Mayo Clinic researchers are developing ways to employ artificial intelligence (AI) to increase the detection of potentially cancerous polyps during colonoscopy. The procedure, which remains the standard of care for screening for and preventing colorectal cancer may miss lesions that later lead to more than half of post-colonoscopy cancer cases according to some studies.
Colonoscopy’s success lies in its ability to detect and allow a gastroenterologist to eliminate pre-cancerous polyps to help prevent colorectal cancer from developing. However, polyps are often hardest to spot in patients most in need of screening—patients with inflammatory bowel diseases IBD) like Crohn’s disease or ulcerative colitis who are at the highest risk of developing colorectal cancer. Pre-cancerous lesions in this population of patients tend to present as flat, or only slightly raised, making them easy to miss during the procedure.
The team at Mayo Clinic, however, are developing and AI application trained to recognize these hard-to-see features to work alongside physicians in real time to alert them to their presence by drawing red boxes around the polyps that could get overlooked.
“We’re all familiar with facial recognition software,” said James East, M.D., a gastroenterologist at Mayo Clinic Healthcare in London. “Instead of training AI to recognize faces, we train it to recognize polyps.”
To help train the AI model, Mayo Clinic turned to its large databank of surveillance colonoscopies it has conducted in the past. According to Nayantara Coelho-Prabhu, M.B.B.S., a gastroenterologist at Mayo Clinic in Rochester, Minnesota, the organization uniquely qualified to develop this form of AI as it routine conducts between 800 and 900 colonoscopies each year. She noted that the Mayo databank contains what is referred to as “ground truth”—real-world observations and measurements that can be used to train and test the AI algorithms.
Coelho-Prabhu and team have selected a subset of 1,000 patients and are now meticulously annotating data from them by watching each colonoscopy video to mark lesions in every fram from every angle that it will use to train the algorithm to recognize IBD-specific polyps.

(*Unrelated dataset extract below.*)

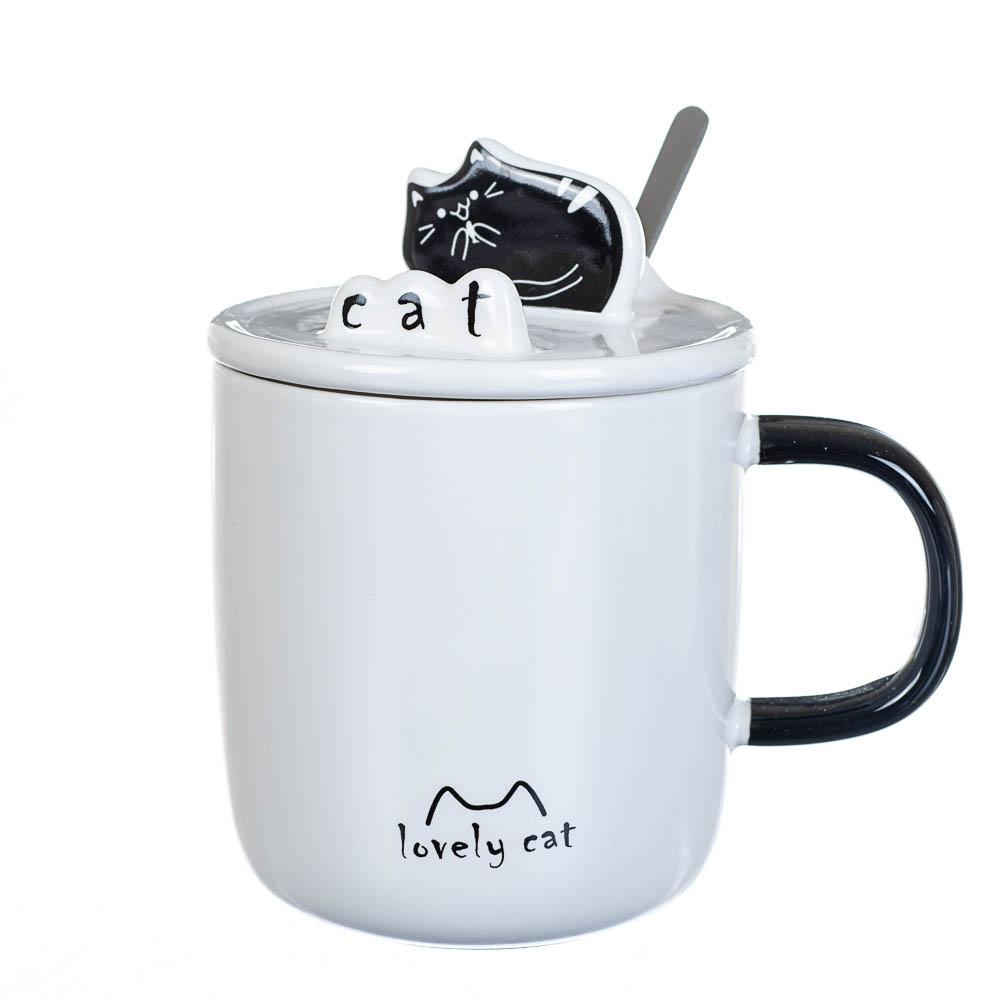 Кружка керамическая с крышкой Elisey Lovely cats3 300 мл (8200-019)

In addition, Coelho-Prabhu and her colleague gastroenterologist Cadman Leggett, M.D., are developing a new digital endoscopy platform to allow for the filming of all in-house procedures, correlate them with patient medical records, and them integrate AI back into standard procedures as applicable.
“Once we develop algorithms, we can run them in our procedure videos to test their performance,” Coelho-Prabhu said.
The development of an AI algorithm to aid in colorectal cancer, while the most advanced, is not the only project at Mayo Clinic looking to using its automated learning capabilities to aid in disease detection and treatment.
The academic medical center also has an AI-focused program that is seeking to use natural-language processing (NLP) to scan medical notes in patients’ electronic health records to spot risk factors that may make them susceptible to developing pancreatic cancer. The program, led by Shounak Majumder, M.D., hopes that the NLP screening to identify those most at risk can be employed as a tool to identify patients who should receive additional screening.